◆ **Exercise prompt**
The answer should be the records below, word for word, with every image left out.

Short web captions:
—————

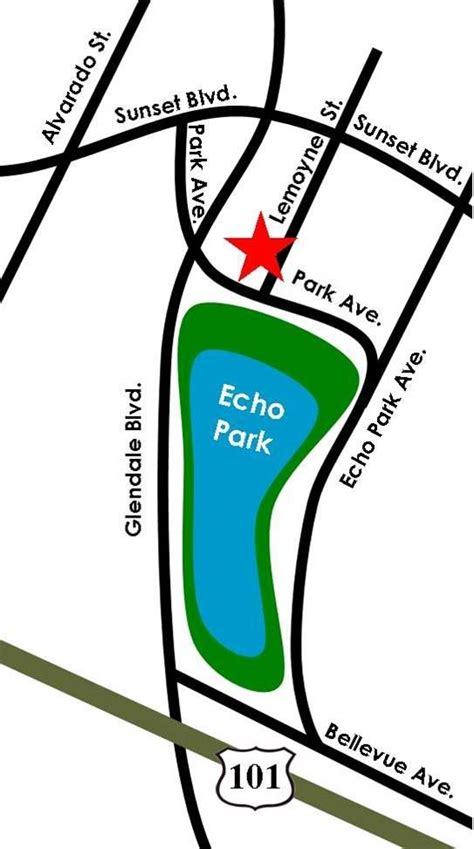 Map of Echo Park with Temple location | Bellevue, Echo, Echo park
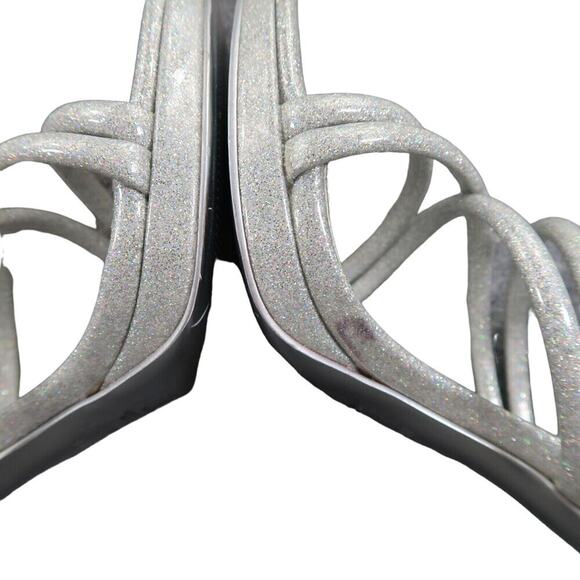 Nine West Shoes Womens 8 Heeled Sandal Ankle Strap Pumps Platform Silver Glitter - Picture 11 of 15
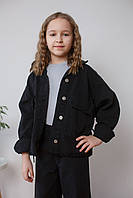 Джинсовая куртка черная с затяжками по бокам для девочки 5-9 лет, 110-134 см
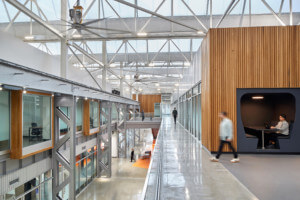 Inside a shipping yard turned office with multistory atrium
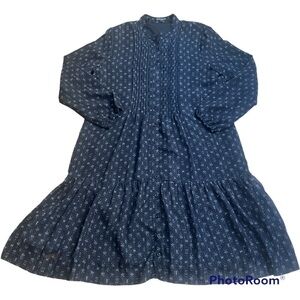 WEEKEND navy blue long sleeve shirt dress size XL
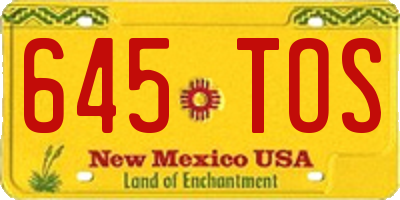 NM license plate 645TOS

—————

◆ **Task solution**
 Map of Echo Park with Temple location | Bellevue, Echo, Echo park
 Nine West Shoes Womens 8 Heeled Sandal Ankle Strap Pumps Platform Silver Glitter - Picture 11 of 15
 Джинсовая куртка черная с затяжками по бокам для девочки 5-9 лет, 110-134 см
 Inside a shipping yard turned office with multistory atrium
 WEEKEND navy blue long sleeve shirt dress size XL
 NM license plate 645TOS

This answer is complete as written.